I have a vehicle events video posted on the Scioly.org youtube channel that you will find helpful.
Could a fan design for the drive arm help with evening out speed and thus making over/under steering more manageable?
By fan design you mean multiple arms?

Re: Curving variance

Posted: February 25th, 2019, 9:33 pm
by windu34
Lorant wrote:
windu34 wrote:
Lorant wrote:We have tested and competed on countless surfaces from linoleum to wooden planks, and our car still consistently draws a flatter arc on the way back, so I don't think it is the floor. My original guess was that the string on the axle would bend the chassis and as it decreases throughout the run, would change the arc. So, I built a car meant to minimize this bending, but the curve variance is still there. What else could be causing it?
This is most likely due to oversteer on the way to the cup target point and then respective understeer on the way back due to differences in velocity (youre probably going faster forward and slower backwards).
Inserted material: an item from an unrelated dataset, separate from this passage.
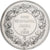 France, Medal, Office Départementale agricole de l'Aude, Silver, Dupuis.D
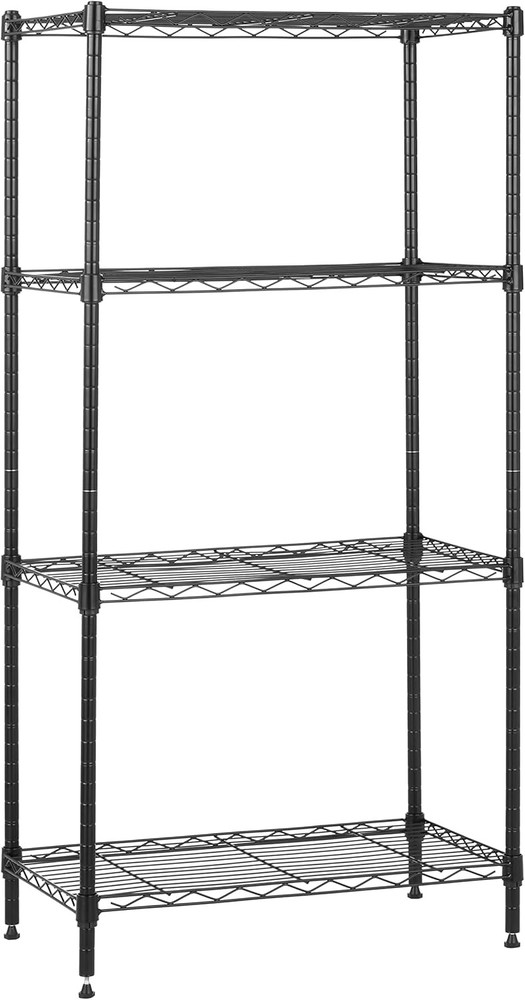 Standard Staples Full Strip Box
The best way to account for this is to have independent data for going forwards and backwards that is recorded along with avg velocity. However, if you determine that the velocity and acceleration is about the same every run on both the forward and backwards parts of the runs, you dont need to account for that

I have a vehicle events video posted on the Scioly.org youtube channel that you will find helpful.
Could a fan design for the drive arm help with evening out speed and thus making over/under steering more manageable?
That depends - if the arms of the fan are all equal length, it will just increase your acceleration and probably increase oversteer effects. The purpose of a fan system is to maintain optimal torque on the axle to improve acceleration and the efficiency of the mousetraps. Now if you made the arms of the fan successively longer so that the amount of torque each exerts on the axle is less than the previous, that may help, but I wouldnt expect it to be too significant - all you would be doing in reality is decreasing acceleration. However, if you increased the weight of your device while adding a fan system such that your acceleration and velocities during the run remained unchanged comapared to before you added weight, you should see a reduction in the effects of over/under steer variability.